BishopAccountability.org
 
  Bridgeport Diocese Appeals Release of Priest Sex Abuse Documents

By Dave Altimari
Hartford Courant
June 13, 2009

http://www.courant.com/news/local/hc-priest-records-0613.artjun13,0,1619128.story

The Diocese of Bridgeport filed a motion Friday to have the full Supreme Court rehear its appeal to keep more than 12,000 pages of court records involving lawsuits against its priests sealed.

The church has asked that the seven-member state court hear arguments on the case, meaning for now that the documents will remain sealed.

"There are several issues that have never been addressed before in Connecticut courts and the full court should hear them," said Ralph W. Johnson III, the attorney for the church.

"There were several facts that were laid out that were not addressed by the majority opinion. A reasonable person would come to a different conclusion and we think that the full court should reconsider the case," Johnson said.

Last month, a five-member panel ruled 4-1 that the court documents involving 23 lawsuits against seven priests from the diocese should be unsealed.

The documents were scheduled to become public in a matter of weeks but now will remain sealed until the court rules on the diocese's new motion. It is unclear how long it will take the justices to decide whether to rehear the case.

"Between this yearslong fight for secrecy and his silly new litigation to exempt the church from lobbying laws, Bishop Lori is spending hundreds of thousands of donated dollars on defense lawyers. Generous Connecticut Catholics don't deserve to have their children endangered and their contributions squandered," said Barbara Dorris of the national chapter of the Survivors Network of those Abused by Priests.

The diocese's decision to seek a full panel marks the latest legal maneuver in a battle that has been continuing for more than seven years.

The diocese's legal options were limited. Other than seeking a full panel, it also could have tried an appeal to the U.S. Supreme Court, but that would not automatically keep the files sealed and there is only a slight chance that the nation's highest court would take the case.

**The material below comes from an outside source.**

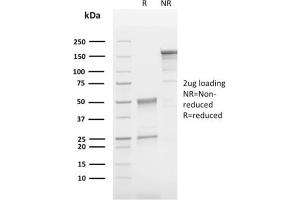 SDS-PAGE Analysis Purified CD63 Mouse Monoclonal Antibody (LAMP3/2790). (CD63 antibody  (AA 100-197))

The diocese is trying to keep closed more than 12,600 pages of depositions, exhibits and legal arguments involving 23 lawsuits against seven priests from the Bridgeport diocese. The lawsuits were settled by the church for undisclosed amounts with the agreement that the settlements and the documents would remained sealed forever.

Several newspapers, including The Courant, filed a lawsuit to have the documents unsealed.

Among the court documents are three depositions by then-Bishop Edward Egan, who was in charge of the Bridgeport diocese when most of the lawsuits against priests under his control were filed and adjudicated.

Egan recently retired as the archbishop of New York.

Stories detailing how Egan and other officials in Bridgeport ignored accusations or protected abusive priests were published in The Courant in 2002. The stories were based on some of the secret court documents that the paper obtained on its own.

The case has gone to the state Supreme Court twice since 2002.

The first time came after Judge Robert F. McWeeny at Superior Court in Waterbury granted four newspapers — The Courant, The Boston Globe, The New York Times and The Washington Post — the right to intervene in the closed cases and seek the documents.

The Bridgeport Roman Catholic Diocesan Corp. appealed that decision, but lost as the court remanded the case to the court in Waterbury, where Judge Jon C. Alander ruled in 2006 that the files should be made public.

Alander ruled that he did not find compelling the argument by the diocese that the files should remain sealed out of concern for ensuring a fair trial, if one became necessary. The diocese argued that this was a legitimate concern because two sex abuse lawsuits are pending and future claims could be brought.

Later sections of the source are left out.